Un día llegó a mi correo, un paquete en forma de rollo, como llegan los planos de construcción. Pero no era tal, sino un dibujo muy grande, de algo parecido a una gárgola, preciosamente delineada con tinta china y con muchos detalles, una verdadera obra de arte el propio dibujo. Pero había más en el paquete: una carta manuscrita y un mapa.
“A quien corresponda: Este es el plano de la escultura. Se anexa el mapa de localización de la pieza, así como instrucciones para llegar a ella. Se recomienda a quien la encuentre, que no beba de su sangre, porque perecerá en medio de tormentos que no se pueden describir, y porque liberará al demonio”.
Debía ser una broma macabra, aquello. Así pensé, pero seguí leyendo, y había una serie de indicaciones para entrar a la sierra por la parte de las barrancas del sur, por la Sinforosa, y se especificaba con total precisión la forma de acceder a una especie de autopista que corre paralela al río, en dirección norte, y que llega al sitio exacto donde se encontraban “el templo” y “la pieza”. Es decir, la gárgola.
Tuve por un tiempo en mi estudio aquellos materiales abiertos en un atril, y un día se me ocurrió digitalizar las imágenes del mapita.
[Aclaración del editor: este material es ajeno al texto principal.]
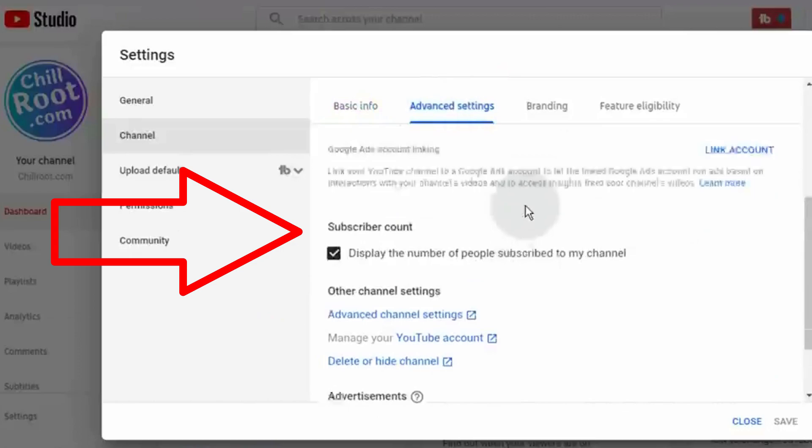Hello guys, in this video I will be showing you is it really possible to hide our YouTube channel subscriber count. Thank you for watching this video. If you think this video is helpful, then please like, share and comment.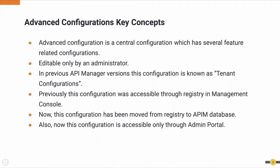It is only editable by an administrator. In previous WSO2 API Manager versions, this configuration is also known as Tenant Configuration. Previously, this configuration was accessible through registry in Management Console.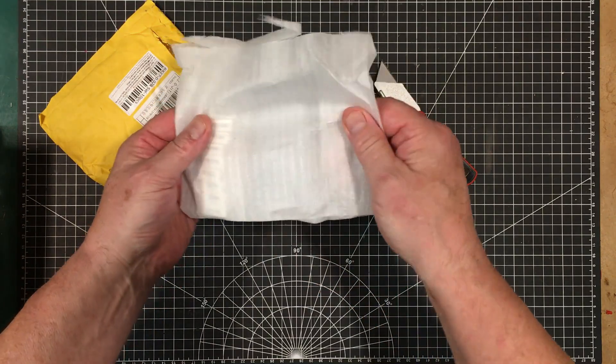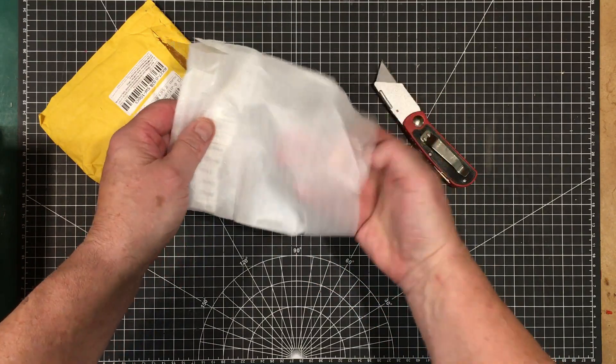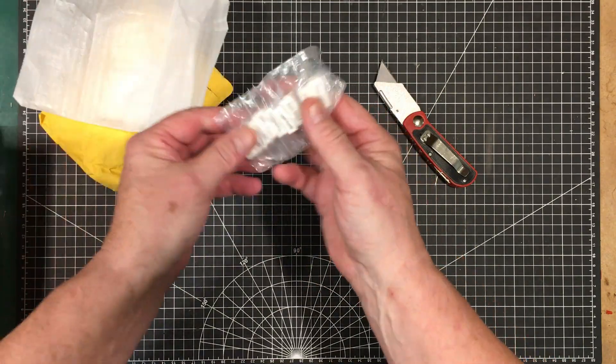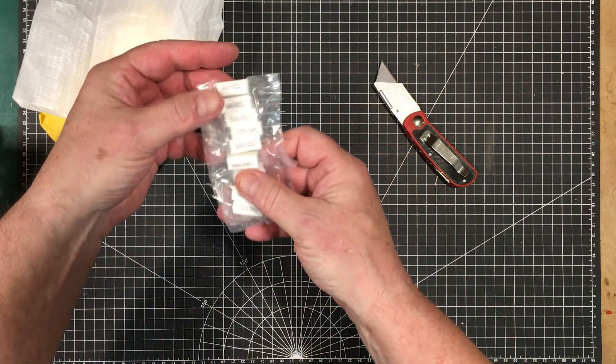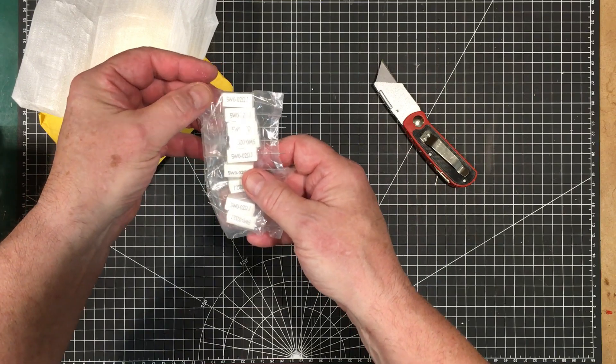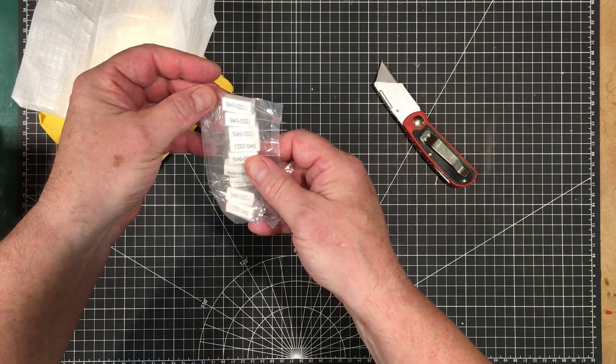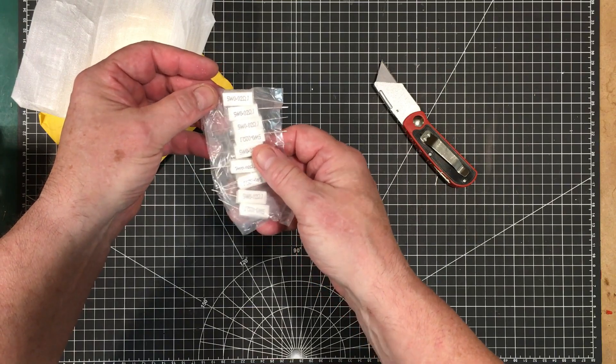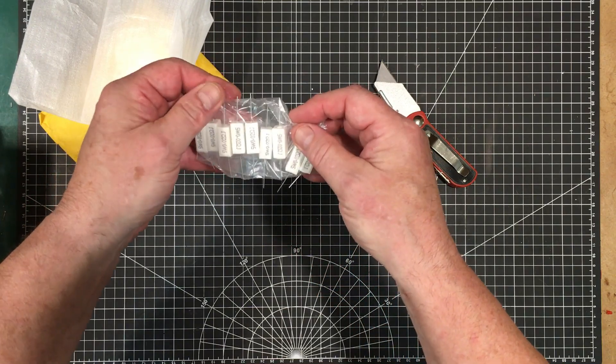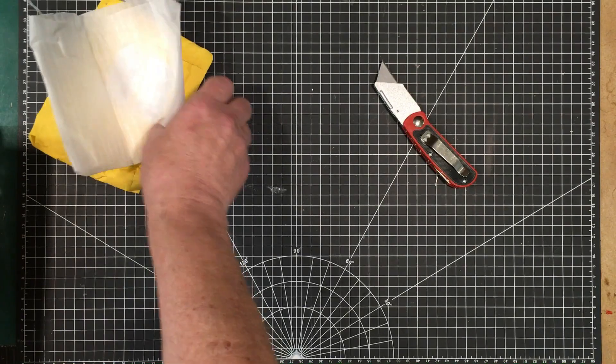This is power resistors. 5W 0.02 ohms. Now we're going on to some more interesting stuff.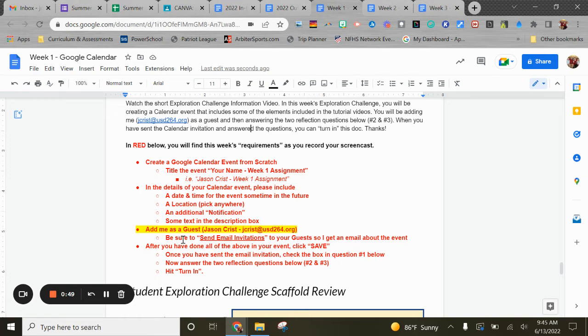Most importantly, you're going to add me as a guest to your calendar event, and then after that make sure you click 'Send Email Invitations.'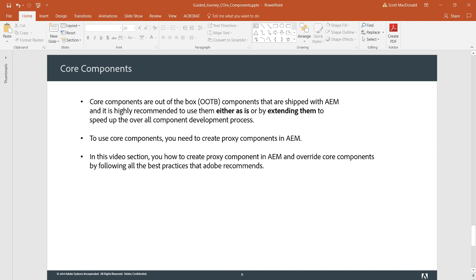Core components are out-of-the-box components shipped with Experience Manager, and it's highly recommended to use them either as-is or by extending them to speed up the overall component development process. To use core components, you need to create proxy components.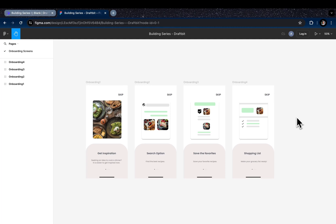Hello everyone, this is Rumeisa and this is the very first series of our building series. Today we're diving into how you can build a sleek onboarding experience for your project in Draftbit.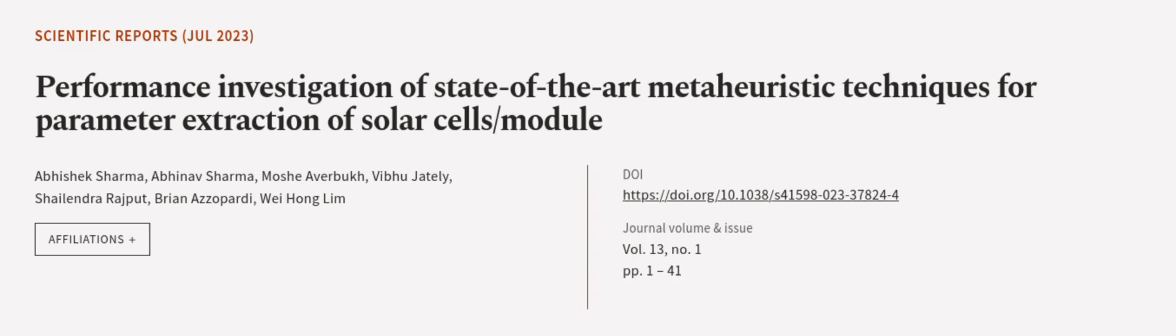This article was authored by Abhishek Sharma, Abhinav Sharma, Moshe Overbuk, and others.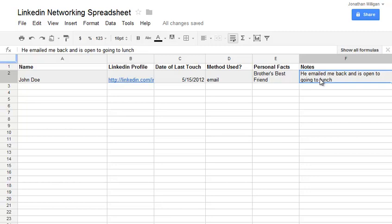So my get it done task for today would be for you to download this spreadsheet. It's in an Excel file where you can upload it to Google Docs if you don't have Excel. And basically, record 15 to 20 names down and start trying to do some light touches with these people and stay in touch with them.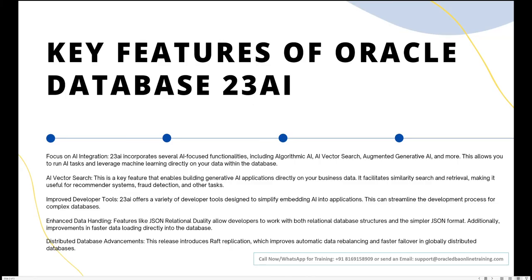The 'AI' in Oracle 23 AI stands for Artificial Intelligence. Key features include AI vector search, improved developer tools, enhanced data handling, and distributed data advancements. The AI vector search feature allows generative AI technology within the database, enabling tasks such as fraud detection. Traditional databases don't have such advanced features, making this version a significant upgrade.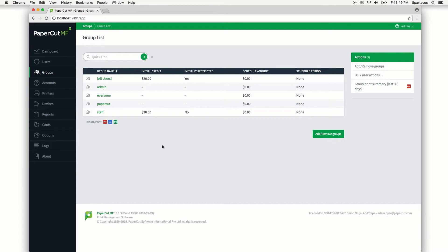let's say staff members that have already been added to the system, you'll need to do it via the bulk user operations or individually on each of the user details pages.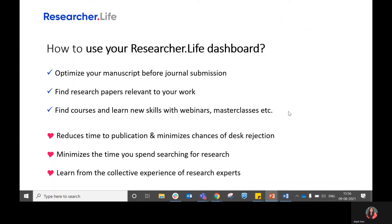Hello, in this demo video we'll be looking at how you can use your Researcher Life dashboard. You can use your dashboard for multiple things.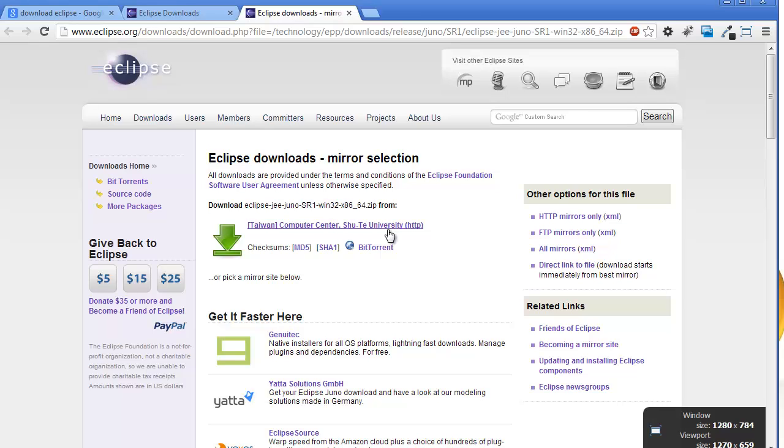Now you have Eclipse IDE, which is very helpful for easy coding for Selenium.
Así lo hice, y procedí enseguida a empalmarlos con las imágenes de satélite que “bajé” de la red en esa ocasión. Ajusté la escala, y ¡ahí estaba! Los dos mapas coincidían perfectamente, y en un acercamiento al sitio de la gárgola, es decir, al final de la misteriosa autopista de la que nadie conoce su existencia, el satélite mostró un punto rojo.
Acerqué el satélite a lo que más dio el servicio gratuito que tomé de la internet, y a la distancia de 167 metros sobre el suelo, aquel punto se miró naranja, y era indudablemente una cúpula.
Sin dudarlo, saqué mi equipo de campaña, revisé los puntos de seguridad de mi Jeep, y salí como flecha hacia Guachochi, y a la mañana siguiente muy temprano, ya estaba en la cumbre que me marcaba el mapa. Ahí busqué desesperado la entrada secreta al camino secreto, hasta que lo encontré.
¿Quién hubiera adivinado tamaña maravilla!
“Se recomienda a quien la encuentre, que no beba de su sangre, porque perecerá en medio de tormentos que no se pueden describir, y porque liberará al demonio”. La recomendación se me antojaba inútil: ¿Beber sangre de una estatua? Yo no lo iba a hacer.
Llegué, la toqué y no reconocí el material, que no era definitivamente piedra de ningún tipo. La volví a tocar y me pareció caliente. Alargué la mano hacia el cuello de la bestia, donde me pareció percibir un ligero y rítmico movimiento, como si adentro tuviera venas palpitantes de sangre.
Acerqué el oído, y escuché el pulso de la circulación. En ese momento, la gárgola me atrapó con una de sus garras, me dirigió hacia el pico de águila, y fue cuando vi aquel ojo que me miraba con odio y con curiosidad. Las garras, enormes garras de rapaz, me apretaron como a un tubo de crema dental, me exprimieron los intestinos, y ahí caí muerto.
No sé cómo llegué de regreso a Guachochi, pero recuerdo que el monstruo me lamió con su lengua apestosa, y que se abrió una herida en su propio vientre de dragón, y que me obligó a tragar aquella sangre putrefacta. El hedor del líquido rojo no me abandona desde entonces.
Desperté a bordo de mi Jeep en las afueras de Guachochi, desnudo y rasguñado, sin saber cómo llegué hasta ahí.
Si fue un sueño, todo aquello no sucedió. Pero ¿y si no lo fue? Trataré de volverme loco para olvidar que no soñé.